Семен Ардальонович третьего дня мне как раз:

– Да будешь ли ты, Иван Иваныч, когда-нибудь трезв, скажи на милость?

Странное требование. Я не обижаюсь, я человек робкий; но, однако же, вот меня и сумасшедшим сделали. Списал с меня живописец портрет из случайности: «Все-таки ты, говорит, литератор». Я дался, он и выставил. Читаю: «Ступайте смотреть на это болезненное, близкое к помешательству лицо».

Оно пусть, но ведь как же, однако, так прямо в печати? В печати надо все благородное; идеалов надо, а тут…

Скажи по крайней мере косвенно, на то тебе слог. Нет, он косвенно уже не хочет. Ныне юмор и хороший слог исчезают и ругательства заместо остроты принимаются. Я не обижаюсь: не бог знает какой литератор, чтобы с ума сойти. Написал повесть – не напечатали. Написал фельетон – отказали. Этих фельетонов я много по разным редакциям носил, везде отказывали: «Соли, говорят, у вас нет».

– Какой же тебе соли, – спрашиваю с насмешкою, – аттической?

Даже и не понимает. Перевожу больше книгопродавцам с французского. Пишу и объявления купцам: «Редкость! Красненький, дескать, чай, с собственных плантаций…» За панегирик его превосходительству покойному Петру Матвеевичу большой куш хватил. «Искусство нравиться дамам» по заказу книгопродавца составил. Вот этаких книжек я штук шесть в моей жизни пустил. Вольтеровы бонмо хочу собрать да боюсь, не пресно ли нашим покажется. Какой теперь Вольтер; нынче дубина, а не Вольтер! Последние зубы друг другу повыбили! Ну вот и вся моя литературная деятельность. Разве что безвозмездно письма по редакциям рассылаю, за моею полною подписью. Все увещания и советы даю, критикую и путь указую. В одну редакцию на прошлой неделе сороковое письмо за два года послал; четыре рубля на одни почтовые марки истратил. Характер у меня скверен, вот что.

Думаю, что живописец списал меня не литературы ради, а ради двух моих симметрических бородавок на лбу: феномен, дескать. Идеи-то нет, так они теперь на феноменах выезжают. Ну и как же у него на портрете удались мои бородавки, – живые! Это они реализмом зовут.

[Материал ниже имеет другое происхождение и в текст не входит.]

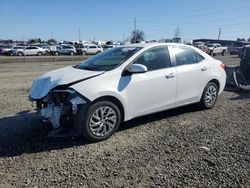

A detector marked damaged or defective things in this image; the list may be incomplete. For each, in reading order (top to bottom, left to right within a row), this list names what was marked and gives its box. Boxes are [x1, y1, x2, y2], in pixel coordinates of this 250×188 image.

damaged front end [29, 88, 87, 131]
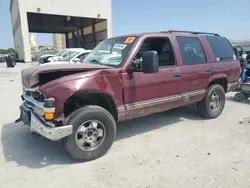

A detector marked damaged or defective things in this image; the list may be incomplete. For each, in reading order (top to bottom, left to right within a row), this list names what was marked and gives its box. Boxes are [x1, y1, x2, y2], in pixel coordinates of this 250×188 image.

А насчет помешательства, так у нас прошлого года многих в сумасшедшие записали. И каким слогом: «При таком, дескать, самобытном таланте… и вот что под самый конец оказалось… впрочем, давно уже надо было предвидеть…» Это еще довольно хитро; так что с точки чистого искусства даже и похвалить можно. Ну а те вдруг еще умней воротились. То-то свести-то с ума у нас сведут, а умней-то еще никого не сделали.

Всех умней, по-моему, тот, кто хоть раз в месяц самого себя дураком назовет, – способность ныне неслыханная! Прежде, по крайности, дурак хоть раз в год знал про себя, что он дурак, ну а теперь ни-ни. И до того замешали дела, что дурака от умного не отличишь. Это они нарочно сделали.

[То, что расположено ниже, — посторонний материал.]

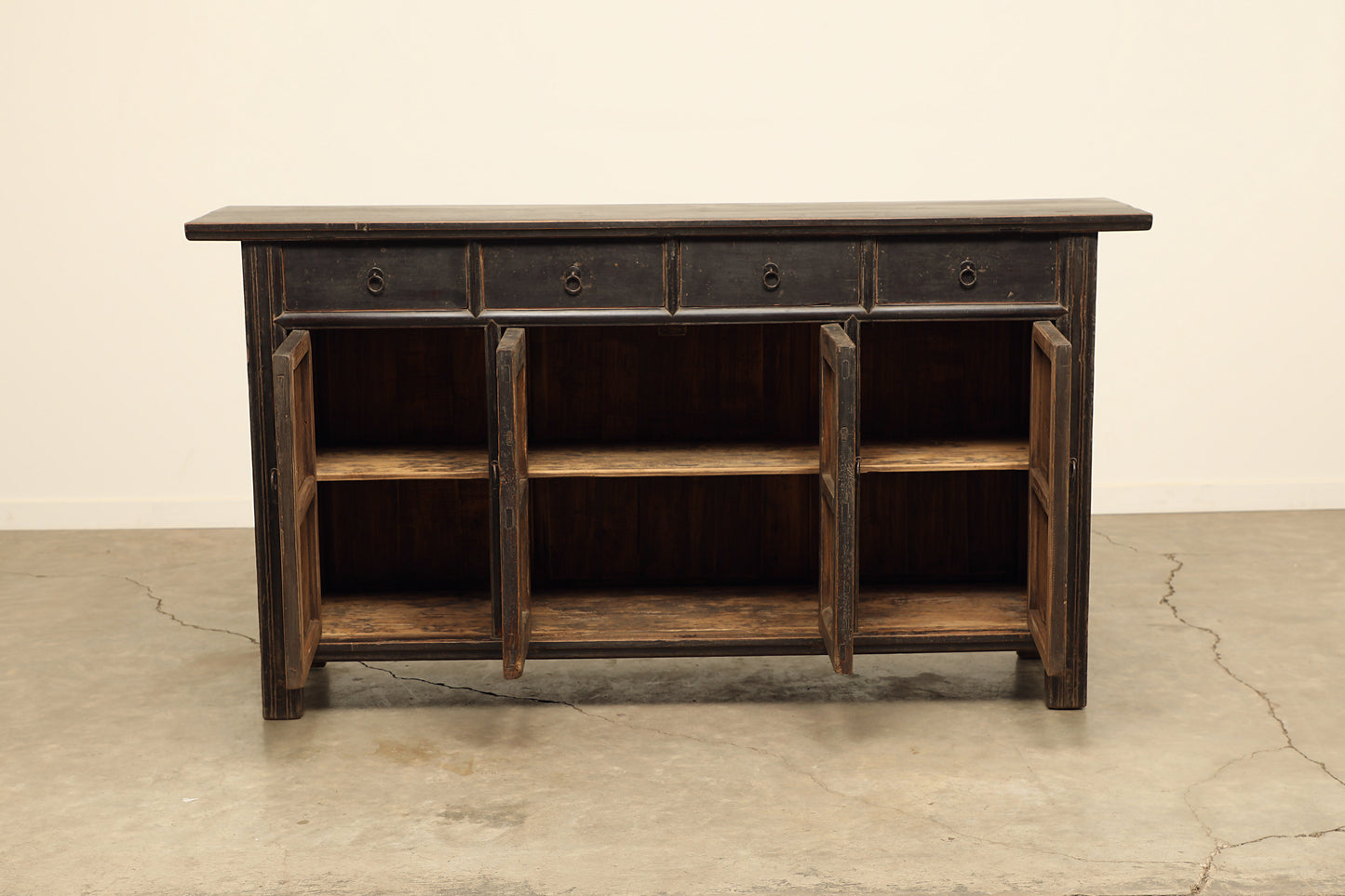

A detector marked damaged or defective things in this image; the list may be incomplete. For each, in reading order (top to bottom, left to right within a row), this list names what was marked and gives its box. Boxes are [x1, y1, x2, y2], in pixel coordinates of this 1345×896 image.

Припоминается мне испанская острота, когда французы два с половиною века назад выстроили у себя сумасшедший дом: «Они заперли всех своих дураков в особенный дом, чтобы уверить, что сами они люди умные». Оно и впрямь: тем, что другого запрешь в сумасшедший, своего ума не докажешь. «К. с ума сошел, значит, теперь мы умные». Нет, еще не значит.

Впрочем, черт… и что я с своим умом развозился: брюзжу, брюзжу. Даже служанке надоел. Вчера заходил приятель: «У тебя, говорит, слог меняется, рубленый. Рубишь, рубишь – и вводное предложение, потом к вводному еще вводное, потом в скобках еще что-нибудь вставишь, а потом опять зарубишь, зарубишь…»

Приятель прав. Со мной что-то странное происходит. И характер меняется, и голова болит. Я начинаю видеть и слышать какие-то странные вещи. Не то чтобы голоса, а так как будто кто подле: «Бобок, бобок, бобок!»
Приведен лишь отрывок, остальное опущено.